START Data in this exercise

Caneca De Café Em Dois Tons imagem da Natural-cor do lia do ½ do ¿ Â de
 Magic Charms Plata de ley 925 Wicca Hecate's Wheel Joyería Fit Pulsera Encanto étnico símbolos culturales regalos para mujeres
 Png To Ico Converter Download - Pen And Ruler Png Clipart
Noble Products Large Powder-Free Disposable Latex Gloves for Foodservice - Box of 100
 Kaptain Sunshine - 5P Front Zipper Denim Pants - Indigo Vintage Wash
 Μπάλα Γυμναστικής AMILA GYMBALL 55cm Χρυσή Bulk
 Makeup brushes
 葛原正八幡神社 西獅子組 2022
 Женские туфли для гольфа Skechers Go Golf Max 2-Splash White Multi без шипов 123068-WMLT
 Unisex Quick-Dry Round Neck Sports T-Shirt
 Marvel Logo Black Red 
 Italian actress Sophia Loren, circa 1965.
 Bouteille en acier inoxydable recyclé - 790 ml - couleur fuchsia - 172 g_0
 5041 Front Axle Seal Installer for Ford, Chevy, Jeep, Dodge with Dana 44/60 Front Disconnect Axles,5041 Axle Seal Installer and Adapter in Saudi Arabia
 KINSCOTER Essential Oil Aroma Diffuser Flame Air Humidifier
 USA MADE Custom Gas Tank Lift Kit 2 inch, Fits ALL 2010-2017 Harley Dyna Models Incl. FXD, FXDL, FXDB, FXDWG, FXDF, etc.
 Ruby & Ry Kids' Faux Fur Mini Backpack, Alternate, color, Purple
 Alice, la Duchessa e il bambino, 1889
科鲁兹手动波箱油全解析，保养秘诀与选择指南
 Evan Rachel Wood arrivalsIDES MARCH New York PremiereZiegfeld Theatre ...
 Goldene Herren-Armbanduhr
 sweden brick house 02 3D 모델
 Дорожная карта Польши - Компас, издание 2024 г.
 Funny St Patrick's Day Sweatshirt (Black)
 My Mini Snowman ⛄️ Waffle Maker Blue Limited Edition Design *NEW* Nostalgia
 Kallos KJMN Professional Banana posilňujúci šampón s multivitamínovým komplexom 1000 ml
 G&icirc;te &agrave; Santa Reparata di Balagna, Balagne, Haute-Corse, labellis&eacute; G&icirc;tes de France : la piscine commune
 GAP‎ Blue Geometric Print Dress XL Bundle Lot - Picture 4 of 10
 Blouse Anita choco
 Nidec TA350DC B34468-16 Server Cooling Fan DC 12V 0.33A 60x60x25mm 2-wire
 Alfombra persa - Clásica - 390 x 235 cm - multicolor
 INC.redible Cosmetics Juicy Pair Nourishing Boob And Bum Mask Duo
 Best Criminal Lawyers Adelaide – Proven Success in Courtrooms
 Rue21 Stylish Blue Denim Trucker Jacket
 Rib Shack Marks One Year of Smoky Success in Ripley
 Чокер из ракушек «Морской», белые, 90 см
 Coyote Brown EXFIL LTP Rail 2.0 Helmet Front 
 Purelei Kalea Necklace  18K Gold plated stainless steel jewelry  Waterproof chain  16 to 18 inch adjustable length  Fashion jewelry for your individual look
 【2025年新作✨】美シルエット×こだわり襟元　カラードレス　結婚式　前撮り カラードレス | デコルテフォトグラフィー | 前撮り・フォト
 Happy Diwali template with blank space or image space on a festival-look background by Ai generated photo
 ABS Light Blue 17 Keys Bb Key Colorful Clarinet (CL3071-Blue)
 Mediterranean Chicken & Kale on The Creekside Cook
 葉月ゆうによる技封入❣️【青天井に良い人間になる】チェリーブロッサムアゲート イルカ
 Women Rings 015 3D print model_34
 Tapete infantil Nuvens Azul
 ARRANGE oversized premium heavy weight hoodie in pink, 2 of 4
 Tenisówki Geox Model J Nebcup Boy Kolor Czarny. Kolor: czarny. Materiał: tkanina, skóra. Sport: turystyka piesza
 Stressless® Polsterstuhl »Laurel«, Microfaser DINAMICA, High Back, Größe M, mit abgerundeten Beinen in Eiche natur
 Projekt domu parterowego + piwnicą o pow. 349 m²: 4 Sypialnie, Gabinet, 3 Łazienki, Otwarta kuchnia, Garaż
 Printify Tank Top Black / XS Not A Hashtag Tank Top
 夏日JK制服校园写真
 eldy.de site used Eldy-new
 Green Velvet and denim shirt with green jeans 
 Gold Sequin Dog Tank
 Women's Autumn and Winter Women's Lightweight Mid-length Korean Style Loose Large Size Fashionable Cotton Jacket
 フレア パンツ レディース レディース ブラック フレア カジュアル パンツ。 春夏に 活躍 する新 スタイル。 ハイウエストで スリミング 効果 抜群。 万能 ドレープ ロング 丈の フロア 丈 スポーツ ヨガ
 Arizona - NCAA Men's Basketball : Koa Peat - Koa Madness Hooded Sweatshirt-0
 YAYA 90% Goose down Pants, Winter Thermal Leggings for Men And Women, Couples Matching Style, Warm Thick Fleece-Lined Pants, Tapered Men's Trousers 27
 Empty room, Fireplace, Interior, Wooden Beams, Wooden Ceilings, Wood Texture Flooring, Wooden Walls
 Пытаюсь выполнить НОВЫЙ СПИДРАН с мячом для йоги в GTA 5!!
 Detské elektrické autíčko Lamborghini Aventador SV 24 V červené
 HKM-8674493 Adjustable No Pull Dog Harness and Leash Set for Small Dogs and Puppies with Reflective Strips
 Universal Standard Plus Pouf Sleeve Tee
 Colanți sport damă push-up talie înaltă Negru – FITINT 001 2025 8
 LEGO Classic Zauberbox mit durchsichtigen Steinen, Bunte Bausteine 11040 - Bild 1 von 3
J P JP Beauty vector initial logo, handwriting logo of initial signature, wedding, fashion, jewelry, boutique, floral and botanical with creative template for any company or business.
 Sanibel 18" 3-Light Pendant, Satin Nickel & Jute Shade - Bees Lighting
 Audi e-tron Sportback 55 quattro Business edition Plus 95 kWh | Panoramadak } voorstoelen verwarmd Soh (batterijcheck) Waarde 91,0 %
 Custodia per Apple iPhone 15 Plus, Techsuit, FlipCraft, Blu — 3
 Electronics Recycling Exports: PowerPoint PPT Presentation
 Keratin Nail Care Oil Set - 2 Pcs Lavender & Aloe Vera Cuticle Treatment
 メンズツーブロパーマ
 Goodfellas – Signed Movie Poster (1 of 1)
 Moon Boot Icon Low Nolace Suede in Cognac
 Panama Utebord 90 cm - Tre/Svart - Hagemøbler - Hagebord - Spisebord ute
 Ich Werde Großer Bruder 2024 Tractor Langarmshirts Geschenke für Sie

END Data in this exercise

§ **Work instructions**: Your answer must contain every line of the records, exactly.

§ **Completed exercise**:
Caneca De Café Em Dois Tons imagem da Natural-cor do lia do ½ do ¿ Â de
 Magic Charms Plata de ley 925 Wicca Hecate's Wheel Joyería Fit Pulsera Encanto étnico símbolos culturales regalos para mujeres
 Png To Ico Converter Download - Pen And Ruler Png Clipart
Noble Products Large Powder-Free Disposable Latex Gloves for Foodservice - Box of 100
 Kaptain Sunshine - 5P Front Zipper Denim Pants - Indigo Vintage Wash
 Μπάλα Γυμναστικής AMILA GYMBALL 55cm Χρυσή Bulk
 Makeup brushes
 葛原正八幡神社 西獅子組 2022
 Женские туфли для гольфа Skechers Go Golf Max 2-Splash White Multi без шипов 123068-WMLT
 Unisex Quick-Dry Round Neck Sports T-Shirt
 Marvel Logo Black Red 
 Italian actress Sophia Loren, circa 1965.
 Bouteille en acier inoxydable recyclé - 790 ml - couleur fuchsia - 172 g_0
 5041 Front Axle Seal Installer for Ford, Chevy, Jeep, Dodge with Dana 44/60 Front Disconnect Axles,5041 Axle Seal Installer and Adapter in Saudi Arabia
 KINSCOTER Essential Oil Aroma Diffuser Flame Air Humidifier
 USA MADE Custom Gas Tank Lift Kit 2 inch, Fits ALL 2010-2017 Harley Dyna Models Incl. FXD, FXDL, FXDB, FXDWG, FXDF, etc.
 Ruby & Ry Kids' Faux Fur Mini Backpack, Alternate, color, Purple
 Alice, la Duchessa e il bambino, 1889
科鲁兹手动波箱油全解析，保养秘诀与选择指南
 Evan Rachel Wood arrivalsIDES MARCH New York PremiereZiegfeld Theatre ...
 Goldene Herren-Armbanduhr
 sweden brick house 02 3D 모델
 Дорожная карта Польши - Компас, издание 2024 г.
 Funny St Patrick's Day Sweatshirt (Black)
 My Mini Snowman ⛄️ Waffle Maker Blue Limited Edition Design *NEW* Nostalgia
 Kallos KJMN Professional Banana posilňujúci šampón s multivitamínovým komplexom 1000 ml
 G&icirc;te &agrave; Santa Reparata di Balagna, Balagne, Haute-Corse, labellis&eacute; G&icirc;tes de France : la piscine commune
 GAP‎ Blue Geometric Print Dress XL Bundle Lot - Picture 4 of 10
 Blouse Anita choco
 Nidec TA350DC B34468-16 Server Cooling Fan DC 12V 0.33A 60x60x25mm 2-wire
 Alfombra persa - Clásica - 390 x 235 cm - multicolor
 INC.redible Cosmetics Juicy Pair Nourishing Boob And Bum Mask Duo
 Best Criminal Lawyers Adelaide – Proven Success in Courtrooms
 Rue21 Stylish Blue Denim Trucker Jacket
 Rib Shack Marks One Year of Smoky Success in Ripley
 Чокер из ракушек «Морской», белые, 90 см
 Coyote Brown EXFIL LTP Rail 2.0 Helmet Front 
 Purelei Kalea Necklace  18K Gold plated stainless steel jewelry  Waterproof chain  16 to 18 inch adjustable length  Fashion jewelry for your individual look
 【2025年新作✨】美シルエット×こだわり襟元　カラードレス　結婚式　前撮り カラードレス | デコルテフォトグラフィー | 前撮り・フォト
 Happy Diwali template with blank space or image space on a festival-look background by Ai generated photo
 ABS Light Blue 17 Keys Bb Key Colorful Clarinet (CL3071-Blue)
 Mediterranean Chicken & Kale on The Creekside Cook
 葉月ゆうによる技封入❣️【青天井に良い人間になる】チェリーブロッサムアゲート イルカ
 Women Rings 015 3D print model_34
 Tapete infantil Nuvens Azul
 ARRANGE oversized premium heavy weight hoodie in pink, 2 of 4
 Tenisówki Geox Model J Nebcup Boy Kolor Czarny. Kolor: czarny. Materiał: tkanina, skóra. Sport: turystyka piesza
 Stressless® Polsterstuhl »Laurel«, Microfaser DINAMICA, High Back, Größe M, mit abgerundeten Beinen in Eiche natur
 Projekt domu parterowego + piwnicą o pow. 349 m²: 4 Sypialnie, Gabinet, 3 Łazienki, Otwarta kuchnia, Garaż
 Printify Tank Top Black / XS Not A Hashtag Tank Top
 夏日JK制服校园写真
 eldy.de site used Eldy-new
 Green Velvet and denim shirt with green jeans 
 Gold Sequin Dog Tank
 Women's Autumn and Winter Women's Lightweight Mid-length Korean Style Loose Large Size Fashionable Cotton Jacket
 フレア パンツ レディース レディース ブラック フレア カジュアル パンツ。 春夏に 活躍 する新 スタイル。 ハイウエストで スリミング 効果 抜群。 万能 ドレープ ロング 丈の フロア 丈 スポーツ ヨガ
 Arizona - NCAA Men's Basketball : Koa Peat - Koa Madness Hooded Sweatshirt-0
 YAYA 90% Goose down Pants, Winter Thermal Leggings for Men And Women, Couples Matching Style, Warm Thick Fleece-Lined Pants, Tapered Men's Trousers 27
 Empty room, Fireplace, Interior, Wooden Beams, Wooden Ceilings, Wood Texture Flooring, Wooden Walls
 Пытаюсь выполнить НОВЫЙ СПИДРАН с мячом для йоги в GTA 5!!
 Detské elektrické autíčko Lamborghini Aventador SV 24 V červené
 HKM-8674493 Adjustable No Pull Dog Harness and Leash Set for Small Dogs and Puppies with Reflective Strips
 Universal Standard Plus Pouf Sleeve Tee
 Colanți sport damă push-up talie înaltă Negru – FITINT 001 2025 8
 LEGO Classic Zauberbox mit durchsichtigen Steinen, Bunte Bausteine 11040 - Bild 1 von 3
J P JP Beauty vector initial logo, handwriting logo of initial signature, wedding, fashion, jewelry, boutique, floral and botanical with creative template for any company or business.
 Sanibel 18" 3-Light Pendant, Satin Nickel & Jute Shade - Bees Lighting
 Audi e-tron Sportback 55 quattro Business edition Plus 95 kWh | Panoramadak } voorstoelen verwarmd Soh (batterijcheck) Waarde 91,0 %
 Custodia per Apple iPhone 15 Plus, Techsuit, FlipCraft, Blu — 3
 Electronics Recycling Exports: PowerPoint PPT Presentation
 Keratin Nail Care Oil Set - 2 Pcs Lavender & Aloe Vera Cuticle Treatment
 メンズツーブロパーマ
 Goodfellas – Signed Movie Poster (1 of 1)
 Moon Boot Icon Low Nolace Suede in Cognac
 Panama Utebord 90 cm - Tre/Svart - Hagemøbler - Hagebord - Spisebord ute
 Ich Werde Großer Bruder 2024 Tractor Langarmshirts Geschenke für Sie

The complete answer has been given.